--- INSTRUCTIONS TO FOLLOW ---
Beginning with the line containing "Cool Letterpress Business Card - Seam" and going on through the line containing "rag & bone Luca Mixed-Media Mockneck", the lines below are to be returned exactly, pictures excluded and nothing added.

[Source data]

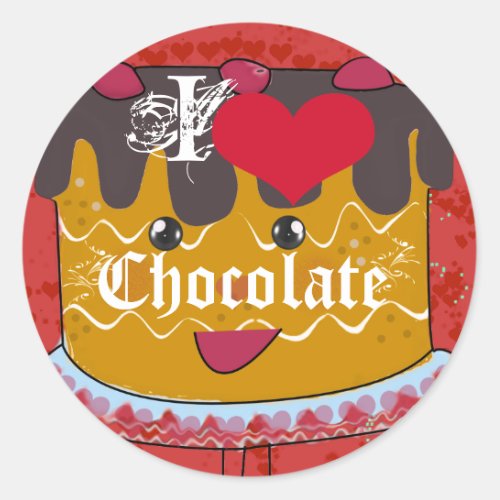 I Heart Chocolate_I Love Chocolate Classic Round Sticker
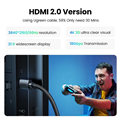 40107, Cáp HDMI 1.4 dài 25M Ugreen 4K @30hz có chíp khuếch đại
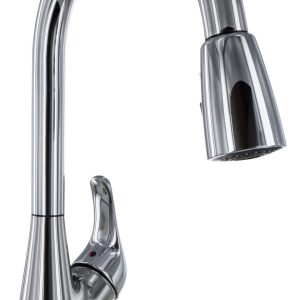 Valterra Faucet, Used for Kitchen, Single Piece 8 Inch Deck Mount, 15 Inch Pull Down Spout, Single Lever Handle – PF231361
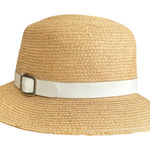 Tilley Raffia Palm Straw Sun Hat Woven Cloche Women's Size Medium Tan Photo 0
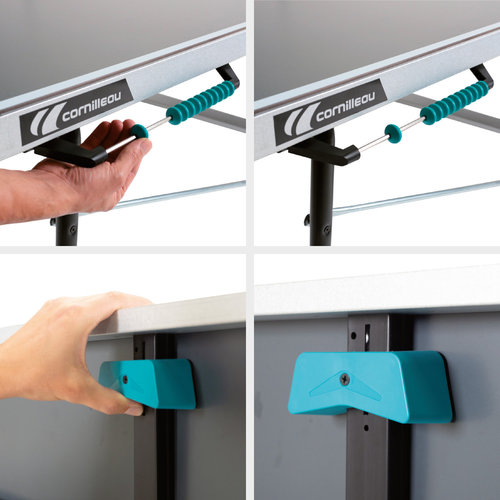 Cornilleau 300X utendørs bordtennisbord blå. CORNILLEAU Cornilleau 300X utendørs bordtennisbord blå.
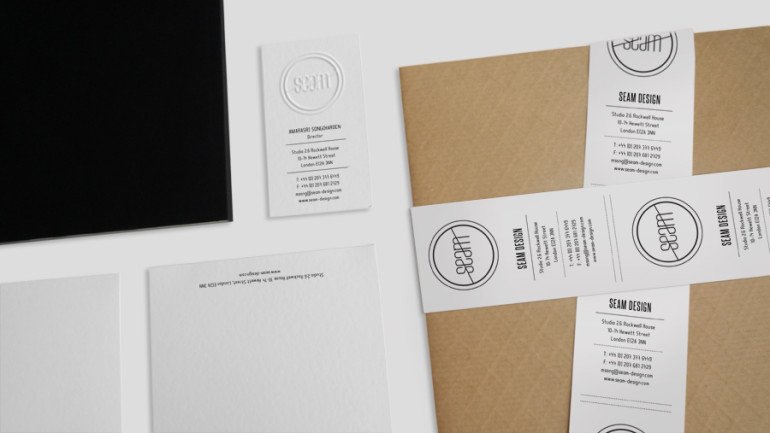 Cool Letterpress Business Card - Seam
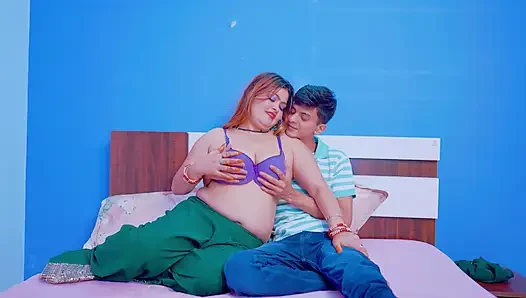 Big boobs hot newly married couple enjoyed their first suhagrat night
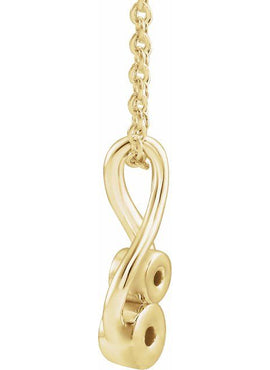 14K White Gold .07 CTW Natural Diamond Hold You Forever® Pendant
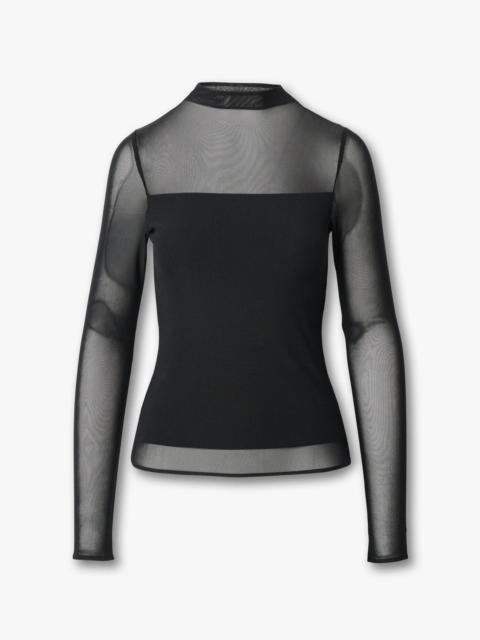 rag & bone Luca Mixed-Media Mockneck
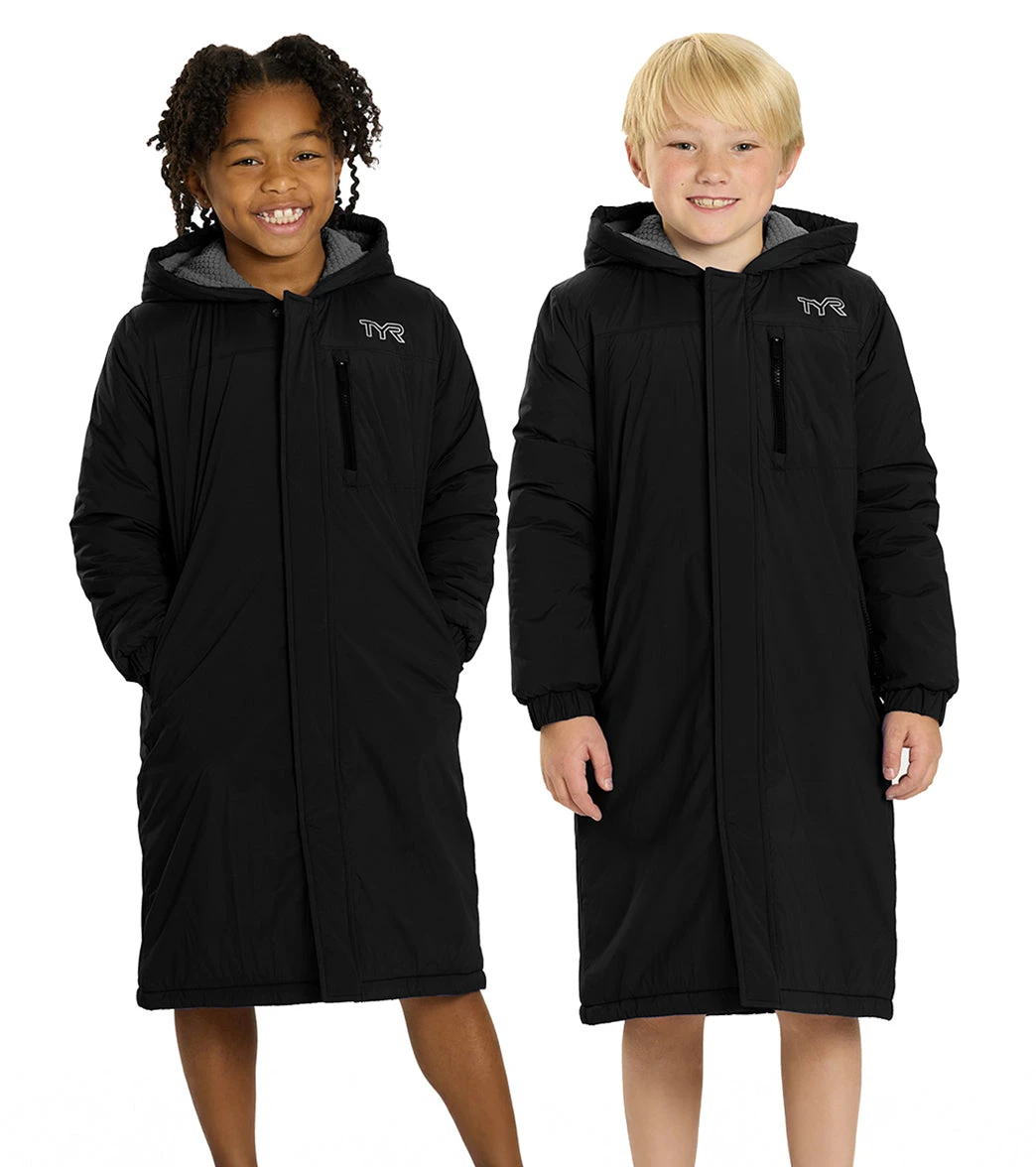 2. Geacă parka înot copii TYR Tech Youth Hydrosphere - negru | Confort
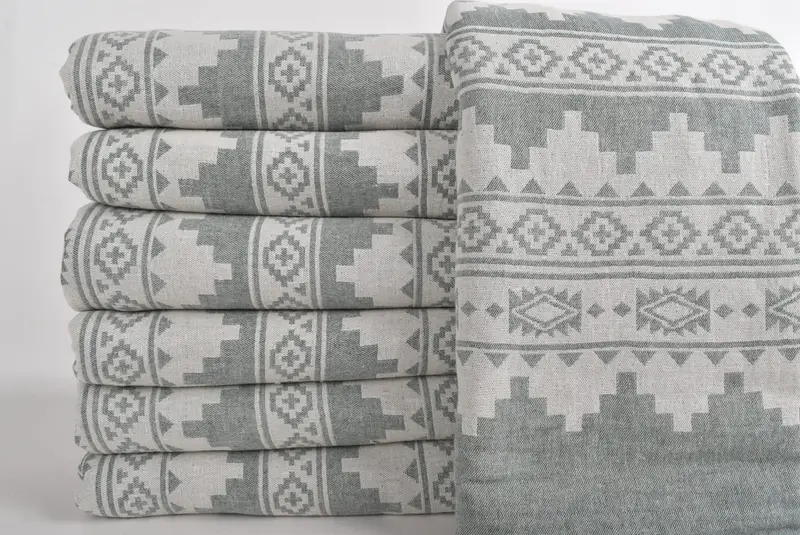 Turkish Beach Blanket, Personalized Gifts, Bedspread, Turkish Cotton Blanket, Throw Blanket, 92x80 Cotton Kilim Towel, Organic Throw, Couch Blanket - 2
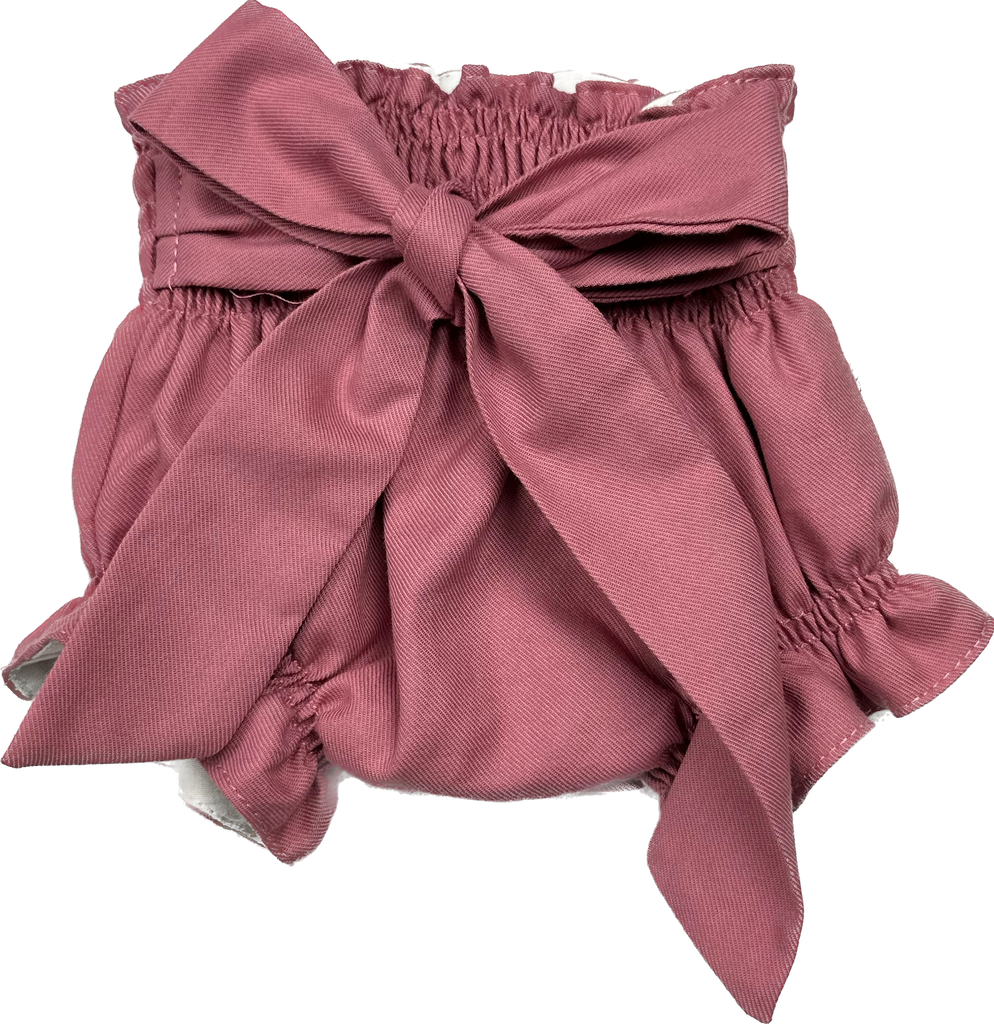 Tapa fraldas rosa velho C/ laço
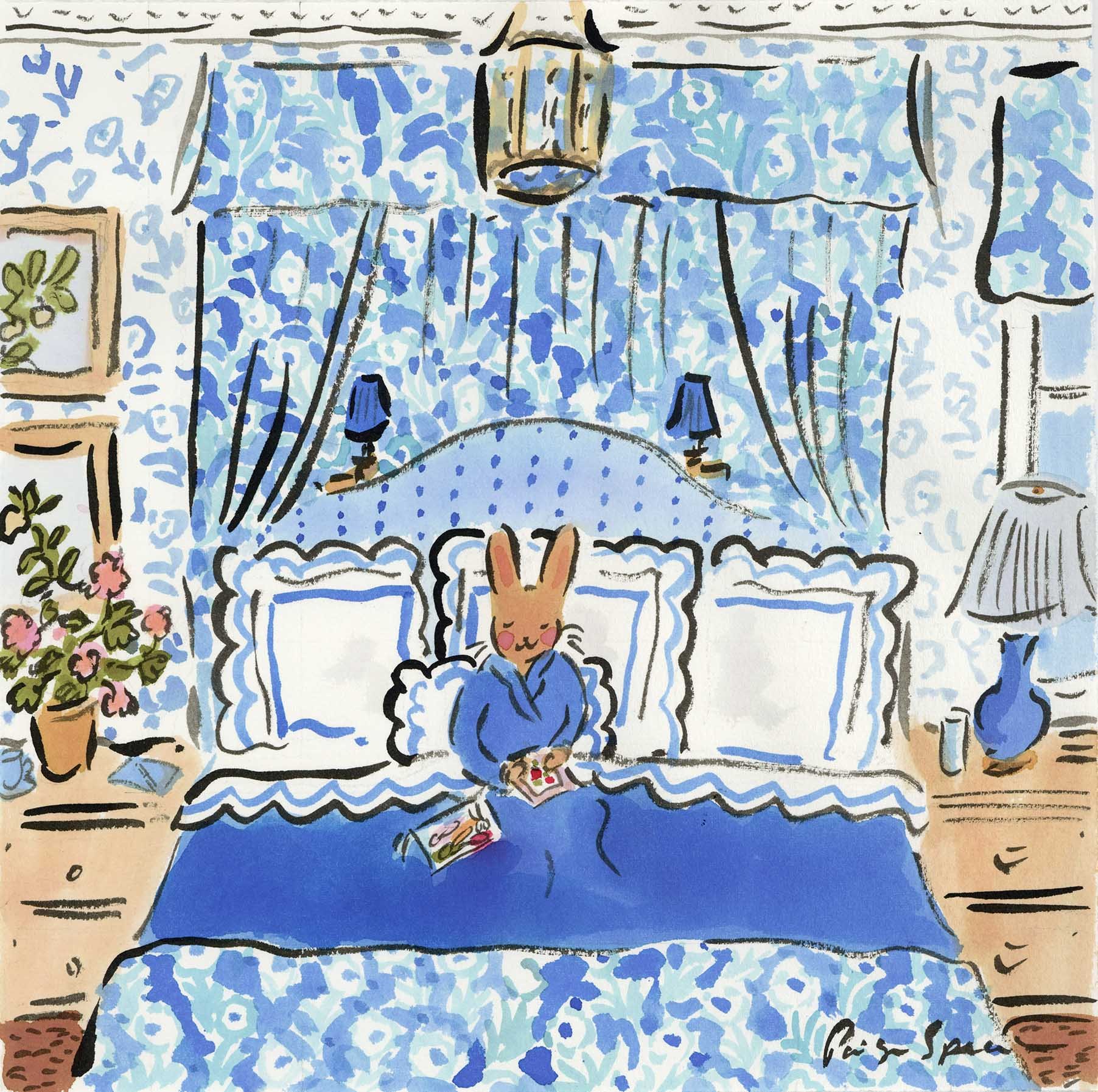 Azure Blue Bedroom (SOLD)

--- PROBLEM SOLUTION ---
 Cool Letterpress Business Card - Seam
 Big boobs hot newly married couple enjoyed their first suhagrat night
 14K White Gold .07 CTW Natural Diamond Hold You Forever® Pendant
 rag & bone Luca Mixed-Media Mockneck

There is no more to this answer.